パキスタンのジャーナリストが特使に質問した。「パキスタンを同盟国というのならなぜ部族地帯を空爆するのか?」
ホルブルック特使は嫌な顔をし質問には答えなかった。記者会見の後、筆者はそのジャーナリストに話を聞いた。
彼が言いたかったことは要約すればこうだ――米国は「50億ドルは空爆の慰謝料」「貧国は、頬を札束でひっぱたけばどうにでもなる」と認識しているのではないだろうか。

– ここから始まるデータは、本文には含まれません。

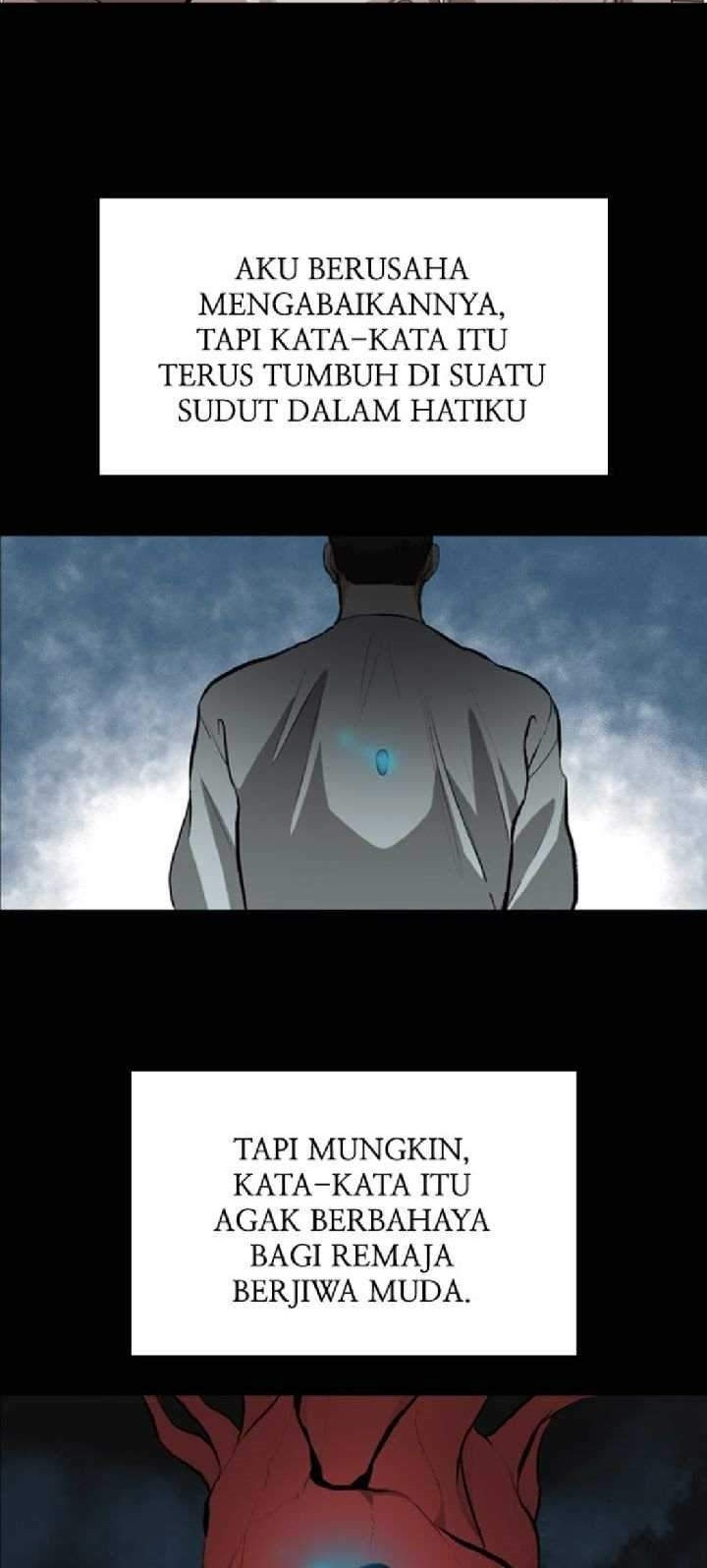 Baca Castle Chapter 26 Gambar 2
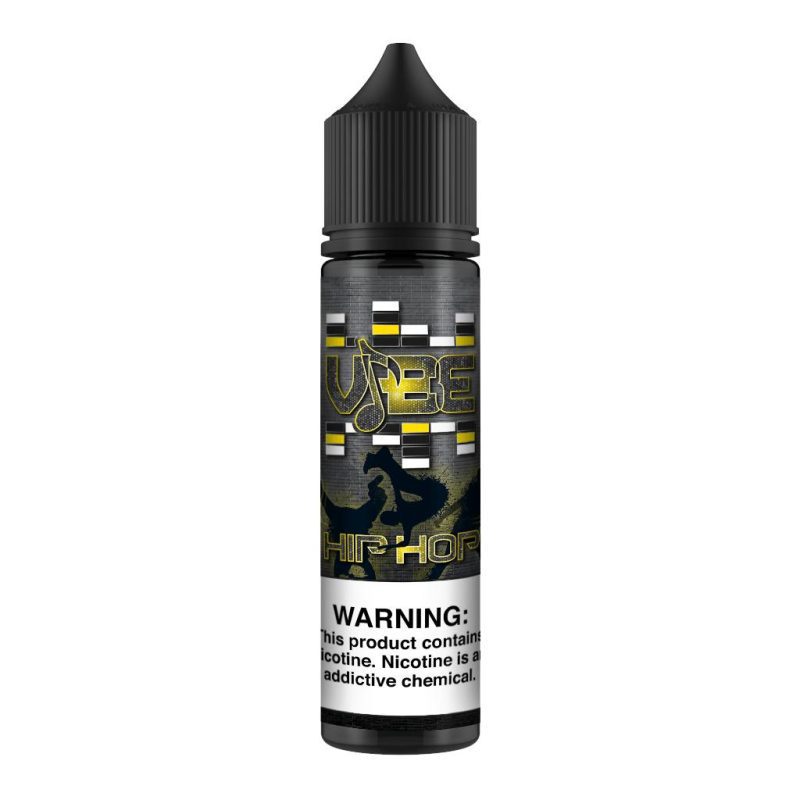 vibe hip hop ejuice 141543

米国の思惑に反して主戦場は、アフガン→部族地帯→パキスタンと確実に東に広がっている。昨年末、ムンバイで起きたテロ事件は、インドまで火の粉が飛んでいることの証だ。
核の管理がズサンなこの地域が戦場と化してしまえば、核がテロリストの手に渡るという最悪のシナリオも視野に入れなければならない。